No. Non rinnego nulla. Tu pensa che io tengo ancora i costumi del pattinaggio artistico fatto dalla mia mamma, delle cose anni ’80 assurde. Alla mia prima gara di pattinaggio artistico sembravo Renato Zero, io adoro Renato Zero, ma lui è consapevole, io non lo ero. Vedi, le proprie origini sono cose troppo care.
Dio come sono buono, mi faccio un po’ schifo, devo dire qualcosa di cattivo. Pollyanna deve morire. Così va meglio!
i faccio io una domanda cattiva: Ammaniti ha partecipato alla stesura della sceneggiatura del film, era lì durate le riprese del film, mi dici come ha permesso l’eliminazione di un personaggio come Danilo Aprea.

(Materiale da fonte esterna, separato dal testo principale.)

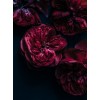 Red Flowers - Background - 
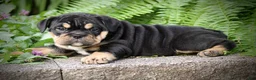 Beabull dogs for sale: Bonnie - Ad 3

Lo avrebbe dovuto intereptare Abatantuono in realtà, ma è stata una scelta di sceneggiatura fatta da Ammaniti e non da Salvatores.
Nel libro ripeti spesso il concetto che non siamo i nostri limiti ma quello che riusciamo a fare con quelli che sono i nostri limiti. Ma come sei riuscito a far accettare un tuo grande limite, quello della balbuzie, a teatro?
Da subito ho capito che non sarei mai riuscito a fare teatro se passavo dai canoni classici. Con un’energia pazzesca, con degli incontri fortunati, come quelli con Corsetti che mi ha preso con sé nonostante avessi solo ventun’anni e, nonostante la mia balbuzie, se ne è fregato. La rinascita è stata affermare se stessi. Mi ha insegnato tanto il teatro, proprio il vivermi il momento. Io sono un po’ scafato, quando succede una cosa sporca: giù! Bisogna buttarcisi dentro comunque, il teatro è questo.
Ma hai lasciato il teatro da due anni…
Sì. Mi chiedevano ancora La vita bestia (monologo tratto dal suo primo romanzo n.d.r.). Ma ho avuto una serie di proposte interessanti dal cinema, come quella di Saverio Costanzo (Timi è Zanna, uno dei protagonisti di In memoria di me, film di Saverio Costanzo del 2006 n.d.r.). Ho lasciato il teatro per fare film in cui credevo. Anche se a teatro cuccavo tantissimo.
Però dopo un po’ mi sembrava tutto troppo strano, in scena portavo il mio alter ego e questo devo dire mi è servito tantissimo a superare i miei tabù. Sorridere e ridere del mostro che mi attanaglia da quando avevo tredici anni; ma dopo due anni ho detto: adesso basta!
Ma tornerai in teatro?
Sì, il prossimo spettacolo è una rivisitazione dell’Amleto. Il titolo è: Il popolo non ha il pane, diamogli le brioches, famosa frase di Maria Antonietta. Ci sarà anche una piccola tournèe.
Toccherà Roma?
No, devo testare prima. Ora è più facile che mi prendano, ma lo spettacolo che sto portando avanti è strano e io non voglio che venga comprato per questo motivo. Prima voglio capire che bestia esce fuori.
Ci dai un motivo per cui dovremmo leggere il tuo ultimo libro?
Per sentirvi bene. Se prendono uno come me per fare cinema, tutti possono diventare qualsiasi cosa. Mi hanno anche detto che sono un sex symbol ed io sono felice, ma ti immagini? Lo dicono di me.
Sorride ancora, ci stringe la mano con vigore e firma anche a noi la copia del suo libro. Se Timi è, parafrasando il titolo del suo libro, il peggio del diventar famoso, così forse vorremmo diventare tutti noi.